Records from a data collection
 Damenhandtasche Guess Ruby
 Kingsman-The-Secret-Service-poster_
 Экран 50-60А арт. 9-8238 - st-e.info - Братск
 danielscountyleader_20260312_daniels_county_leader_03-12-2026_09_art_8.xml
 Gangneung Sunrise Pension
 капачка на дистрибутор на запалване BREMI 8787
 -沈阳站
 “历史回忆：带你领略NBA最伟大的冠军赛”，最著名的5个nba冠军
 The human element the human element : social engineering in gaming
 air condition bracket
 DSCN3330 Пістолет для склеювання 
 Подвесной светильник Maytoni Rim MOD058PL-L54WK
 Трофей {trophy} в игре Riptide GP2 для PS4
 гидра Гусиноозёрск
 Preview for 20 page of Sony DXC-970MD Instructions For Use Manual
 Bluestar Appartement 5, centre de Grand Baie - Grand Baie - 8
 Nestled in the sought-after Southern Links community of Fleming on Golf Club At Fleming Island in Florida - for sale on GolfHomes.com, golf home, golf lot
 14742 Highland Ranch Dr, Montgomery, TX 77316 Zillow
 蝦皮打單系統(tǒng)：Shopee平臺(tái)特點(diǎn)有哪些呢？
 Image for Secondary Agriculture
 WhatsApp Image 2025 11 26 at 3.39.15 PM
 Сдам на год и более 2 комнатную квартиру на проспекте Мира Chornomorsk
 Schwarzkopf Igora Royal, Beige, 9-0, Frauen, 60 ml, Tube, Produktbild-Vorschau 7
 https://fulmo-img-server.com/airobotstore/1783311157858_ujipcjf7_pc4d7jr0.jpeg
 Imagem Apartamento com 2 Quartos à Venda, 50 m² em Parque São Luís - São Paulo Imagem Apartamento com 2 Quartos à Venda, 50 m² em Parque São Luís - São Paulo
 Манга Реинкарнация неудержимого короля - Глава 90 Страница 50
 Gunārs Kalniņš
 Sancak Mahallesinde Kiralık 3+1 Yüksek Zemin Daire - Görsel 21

▶ Try it
Output nothing but the lines from the one containing "Schwarzkopf Igora Royal, Beige, 9-0, Frauen, 60" through the last line of the data, exactly as they stand.

▶ Task result
 Schwarzkopf Igora Royal, Beige, 9-0, Frauen, 60 ml, Tube, Produktbild-Vorschau 7
 https://fulmo-img-server.com/airobotstore/1783311157858_ujipcjf7_pc4d7jr0.jpeg
 Imagem Apartamento com 2 Quartos à Venda, 50 m² em Parque São Luís - São Paulo Imagem Apartamento com 2 Quartos à Venda, 50 m² em Parque São Luís - São Paulo
 Манга Реинкарнация неудержимого короля - Глава 90 Страница 50
 Gunārs Kalniņš
 Sancak Mahallesinde Kiralık 3+1 Yüksek Zemin Daire - Görsel 21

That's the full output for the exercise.